My well-used bag of veggie cutting scraps, all bulging and ready to become stock!

All you do is collect your veggie scraps in a two-quart plastic ziplock bag in your freezer, and boil them/simmer for several hours when it’s full. Since boiled veggies, we’ve always been told by mom, “lose all their nutrition into the water”, we can give ourselves a big high-five, because all we’re looking to harvest here is the water itself.

When you are prepping your veggies for whatever meal you’re making, wash and cut like normal, and put the crap that you’re not going to eat in the freezer bag and back into the freezer. No biggie. And provided that it’s not rotten or moldy. (But I didn’t need to tell you that…please tell me that you knew that part already!) That’s it. Not exactly a haute cuisine prep step.

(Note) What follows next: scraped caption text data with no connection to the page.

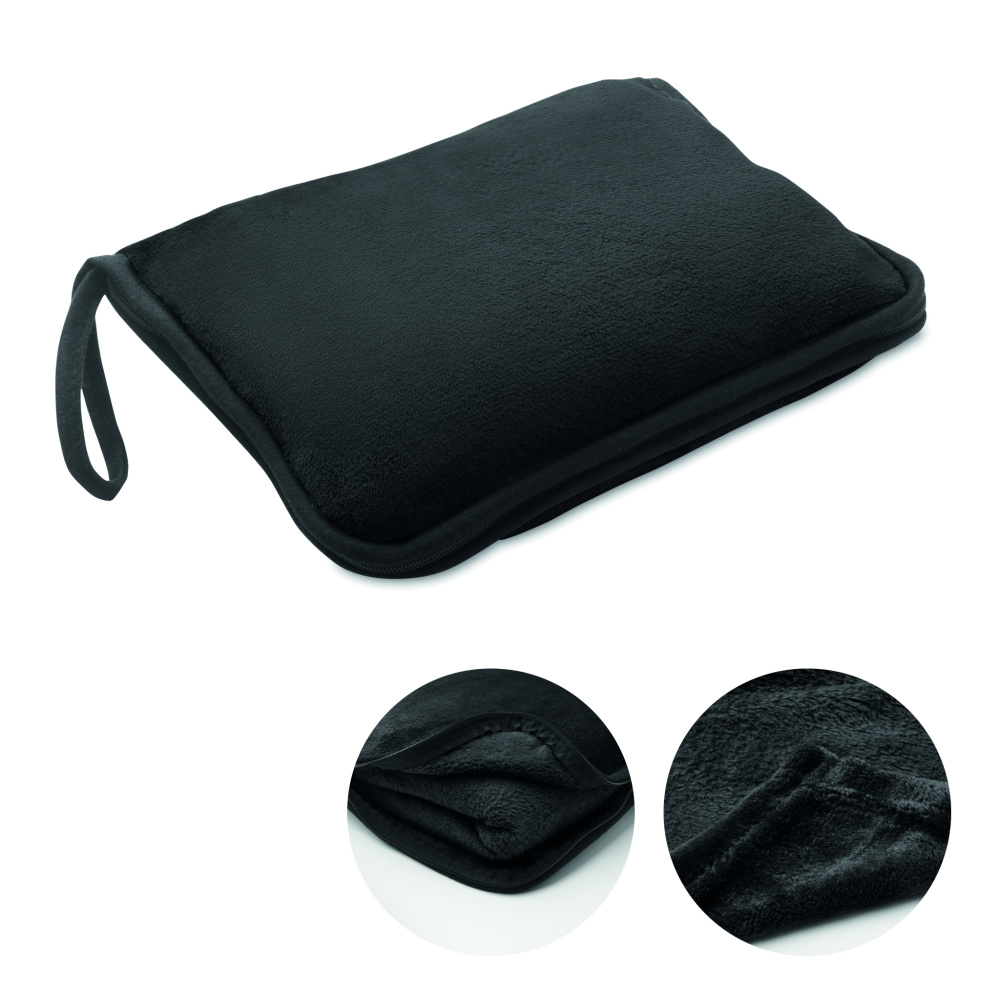 Logotrade promotional merchandise picture of: 2 in 1 travel blanket set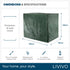 3-Seater Garden Swing Cover - Green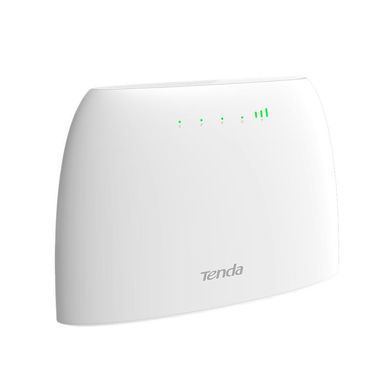 Маршрутизатор TENDA N300, 4G/LTE, 1xFE LAN, 1xFE LAN/WAN, Cлот для SIM-карти (4G03) [104427]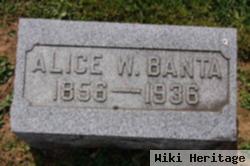 Alice Wood Tisdale Banta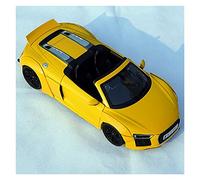 XIYUEYING 1/18 para Audi R8 V10 Roadster 2017 Metal Fundido A Presión Edición Modificada Coche Deportivo Modelo Artesanal(Yellow)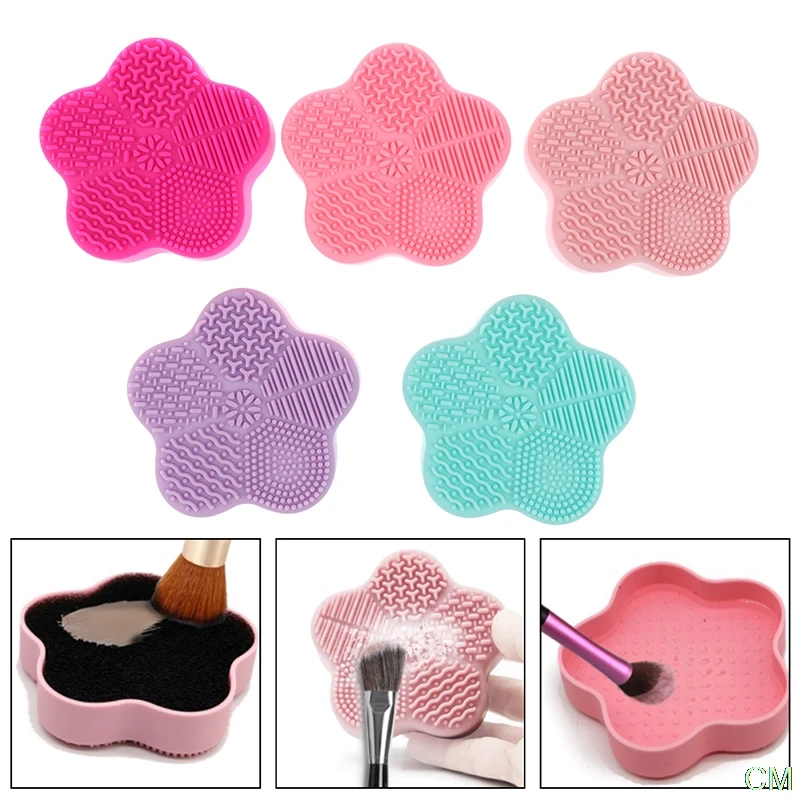 

Starfish Silicone Makeup Brush Cleaner Pad Make Up Washing Foundation Brush Gel Cleaning Mat Brush Scrubber Board Tool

Now as I mentioned earlier, you can use MOST veggies for this, but not all. Some veggies will be too strong flavored or spicy and take over the flavor of your whole stock, leaving you with something for your efforts that you won’t want to use.  Here is a list of the kinds of veggies to NOT put in your scrap bag:  turnips, broccoli, cauliflower parsnips, jalepeños, habaneros, etc. You want your stock to be complex and yummy and savory, not club you over the head with one gross unpleasant flavor.

So without further adieu….



  • 2 quarts of frozen random saved vegetable scraps
  • 18-20 cups of water.
  • Salt if you want


  • Huge Dutch oven or stockpot
  • big bowl
  • fine large strainer
  • ladel
  • large measuring cup
  • 8  x “Medium” ziplock freezer bags


  1.  Fill up your pot with the water

    I always find the scrap bag veggies look so pretty when they’re first dumped in!
  2. Dump your Scrap Bag contents into it, and put the lid on.
  3. Bring to a boil, then simmer for a whole bunch of hours, say between 3-5 hours. Keep it covered so that your broth doesn’t evaporate.
  4. Turn off heat and let cool. Your whole house wil smell yummy, like you actually combined the veggies for this liquid magic on purpose.

    The strained broth has such a pretty color.
  5. Strain the stock into the big bowl.  You now have a beautiful veggie broth.
  6. Add the salt to taste if you want a pre-made salted stock.image
  7. Pour a 2-cup measure into each ziplock bag, and push out the air, sealing while standing up. (This is because some people like to freeze their liquids flat, and store them like little file cards. Others like to freeze standing up for a more compact frozen broth, which will fit easily while frozen even into small saucepans without the “edges” melting over the sides like the frozen file card method may). You should get eight or more two-cup bags of veggie stock.

And there you go: perfectly proportioned, nutritionally-charged broth packs to cook a cup of rice, half a cup of risotto, or any recipe that calls for “two cups of stock” (which seems to be pretty much all of them) .  And all it cost you was about 10 minutes of working time, and a little gas or electricity.

Now what about those mushy veggie remains that didn’t make it past the strainer? Well, my friend Colleen Rhodes, seamstress extraordinaire over at Meins Designs on Etsy feeds her happy vegan dog the boiled veggies. He thinks it’s a big treat! Or you can compost them. Or toss them. Because now your veggie scraps have finally finished doing their nourishment  job.